As to the contract claim, while Florida does not have an across-the-board contract waiver the way it does for torts, the court found that the privacy and patient rights documents were informational notices required by statute, intended to educate patients and describe statutory duties, and did not create binding contractual obligations.

The Fourth District distinguished the FSC’s Rojas decision, because it involved a specific written financial liability agreement with unmistakably contractual language, and nothing comparable existed in this case. Bottom line, there was no express written contract, no contract waiver; and the damages pled fall outside the limited tort waiver, necessitating affirmance.

OPEN AND OBVIOUS CONDITIONS MAY DEFEAT THE DUTY TO WARN, BUT DO NOT AUTOMATICALLY WIPE OUT THE SEPARATE DUTY TO MAINTAIN PREMISES IN A REASONABLY SAFE CONDITION

McWhorter v. Event Services America, Inc., 51 Fla. L. Weekly D104 (Fla. 2d DCA Jan. 14, 2026):

As she left a Tampa Bay Rays game in July 2021, the plaintiff walked through the entrance rotunda at Tropicana Field and tripped over a metal battery case, about the size of a shoebox that had been left in the walkway by a security guard employed by Event Services. The sequence was captured on video.

The court described the rotunda as well lit, with a green floor painted like a miniature baseball diamond, and only a few people in view in the recording. The guard carried the case, set it down on the floor, walked a few feet to pick up what looked like trash, and then turned away, leaving the case there. A group of four people crossed that same area without tripping, but the plaintiff, walking a few feet behind them, caught her toe on the case and went down in a forward tumbling fall. Seconds later, another employee picked up the case and moved it, and the guard came back while she was still on the ground. In her deposition, the plaintiff testified she never saw what she tripped over, admitted the case was not concealed, and said she had been looking to her right before she fell; she also testified the guard apologized for leaving it on the floor.

The trial court entered summary judgment for the defendant, largely based on an open and obvious theory: no duty to warn, and no dangerous condition.

The court affirmed in part and reversed in part, agreeing that the condition was open and obvious, entitling the defendant to summary judgment on the duty to warn. However, it reversed the summary judgment on the separate duty to maintain the premises in a reasonably safe condition.

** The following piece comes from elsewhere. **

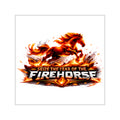 Firehorse Square Vinyl Sticker — "Seize the Year of the Firehorse"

The court reminded us of the familiar premises liability dichotomy: even when a hazard is open and obvious, that may discharge the duty to warn, but it does not automatically discharge the duty to maintain if the landowner or person or entity in control of the premises, should anticipate harm could occur anyway.

Here, an employee left a substantial object in a stadium rotunda where crowds ordinarily move through, and the plaintiff tripped less than a minute after it was placed. On those facts, the court concluded that a reasonable jury could find it was foreseeable that a patron would still trip over it, despite the obviousness, and thus there was a triable issue on whether Event Services breached its duty to maintain the area in a reasonably safe condition.